The number of complaints about exam boards received by Ofqual has more than doubled in two years, new figures have revealed. While 124 complaints about awarding organisations were taken to the watchdog in 2016-17, that number rose to 177 in 2017-18 and 263 in 2018-19, according to data published by Ofqual in response to a request under the Freedom of Information Act.
Of those complaints, however, only 17 were upheld or partly upheld, according to the data – fewer than last year.
The awarding organisation complained about the most was AQA, at 71 – that had almost twice as many complaints received by Ofqual than any other awarding organisation (AO). Four complaints were upheld or partly upheld.
Over 3 million certificates were issued by AQA in 2018-19 – more than by any other AO that year. It was followed by Pearson, which issued 2.4 million certificates and had 39 complaints made against it – of which two were at least partly upheld, and OCR, for which 33 complaints were made to Ofqual – two of which were upheld.
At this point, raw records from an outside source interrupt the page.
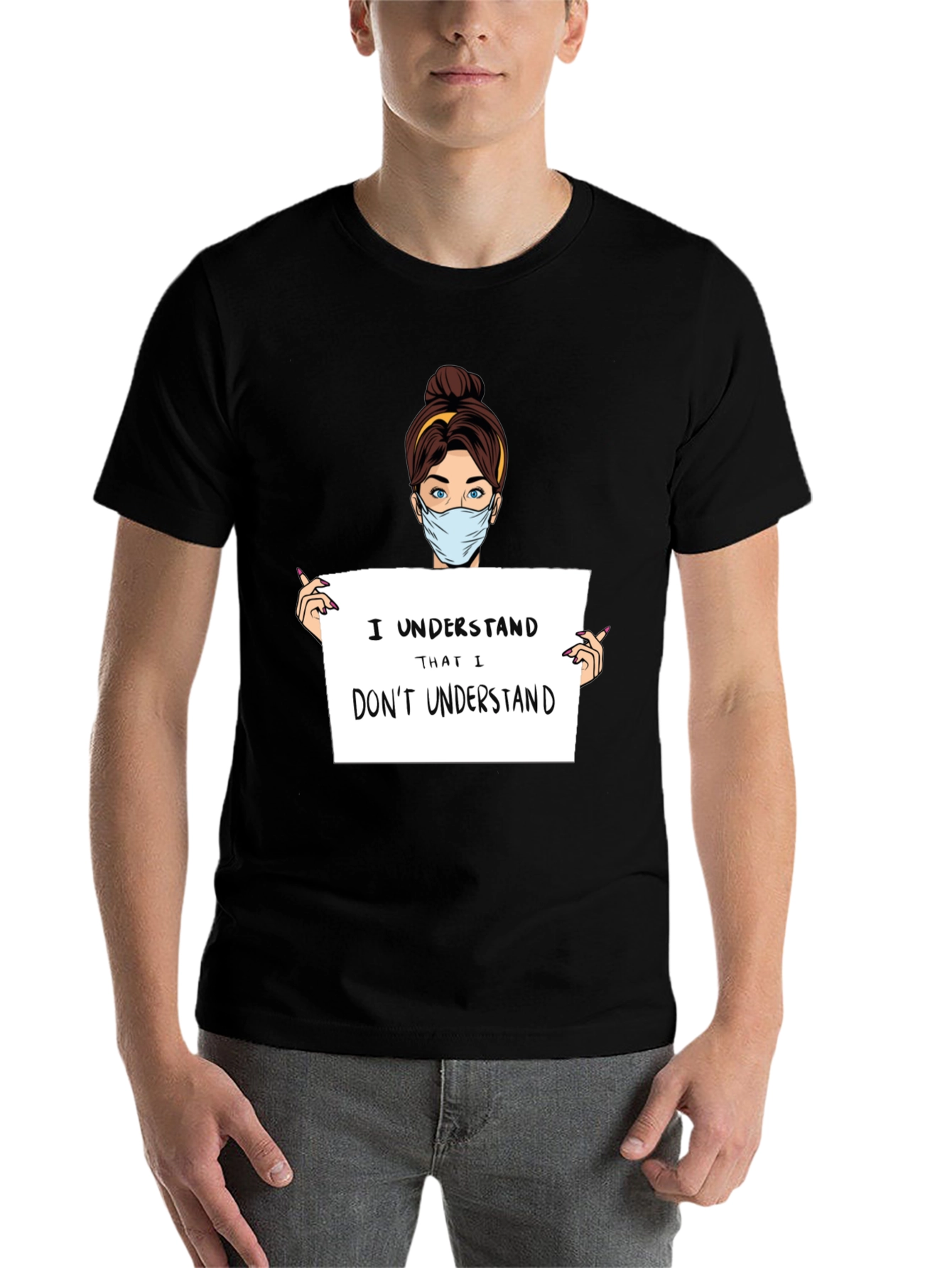 Black I Understand T-Shirt - Humorous Graphic Tee view 7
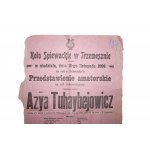 Koło Śpiewackie w Trzemesznie AFISZ Azya Tuhaybejowicz, 18 listopada 1906r.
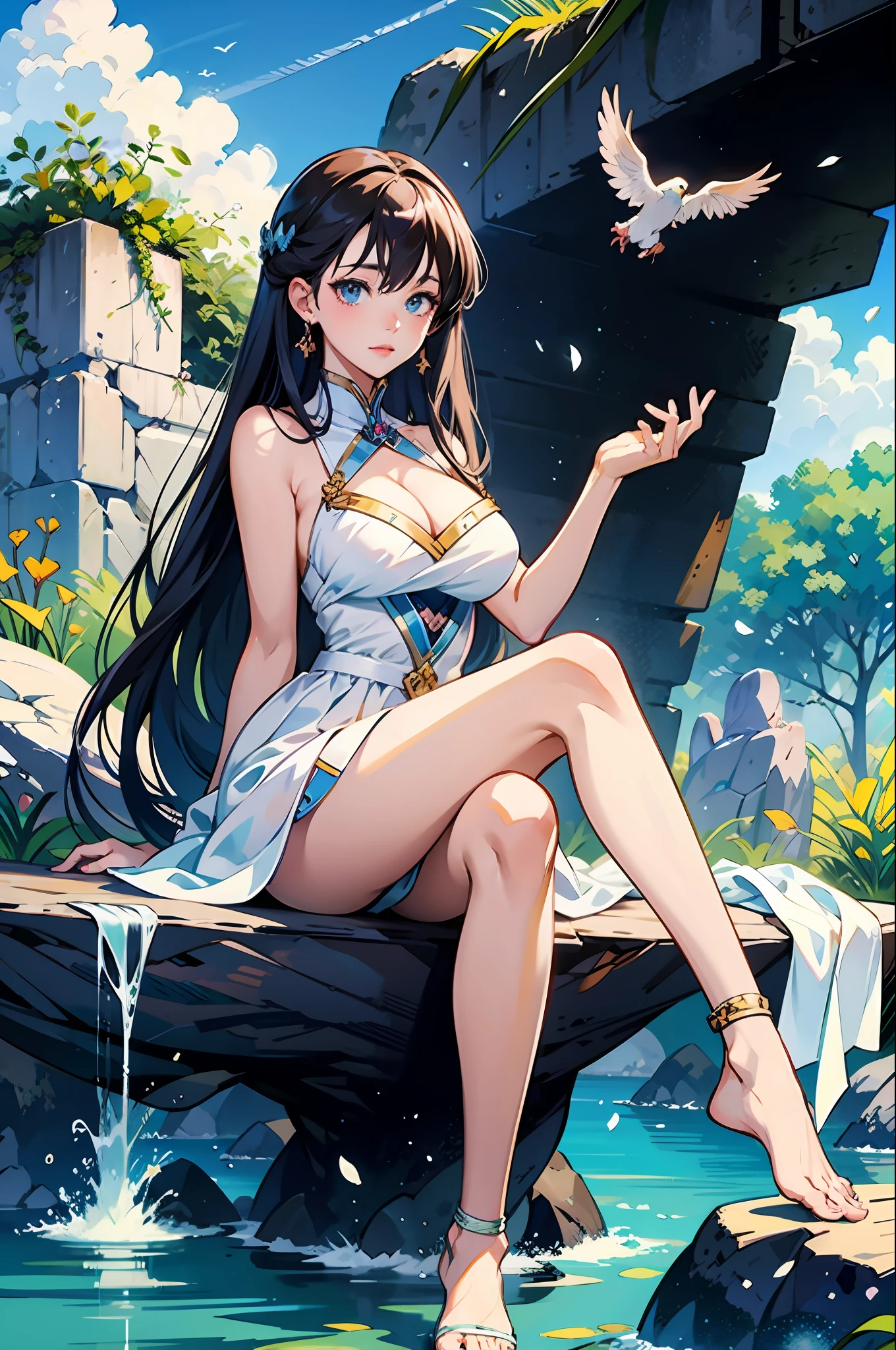 Anime girl sitting on rock in white dress with bird, guwiz, beautiful anime girl, guwiz in pixiv art station, guwiz style artwork, beautiful seductive anime woman, art station guwiz on pixiv, beautiful anime woman, anime goddess, cute anime waifu in beautiful clothes, seductive anime girl, from girl front, big breasts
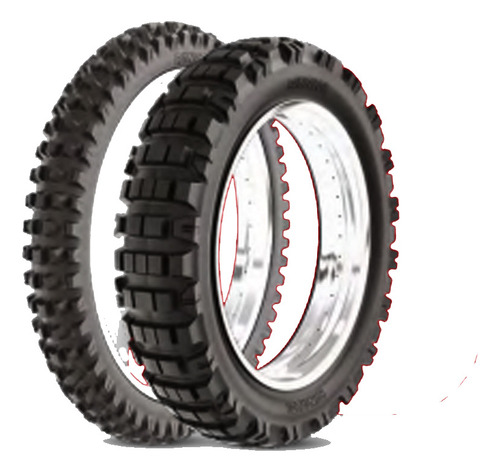 Pneu He42 140/80-18 (t) E He42 90/90-21 Rinaldi (d)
Charlie Hardie, AQA’s head of customer services, said: “Our figures reflect the fact that we’re the UK’s biggest exam board, with a big rise in the number of schools choosing us for GCSEs over the last few years. We take all complaints seriously and help Ofqual investigate ones they receive – and we’re pleased that the number they’ve upheld is consistently very small by any standards.”
A Pearson spokesperson said: "We take all complaints made against us very seriously. In 2018 a very small number of complaints were made against Pearson – equating to roughly 0.002 per cent of total certificates issued in 2018."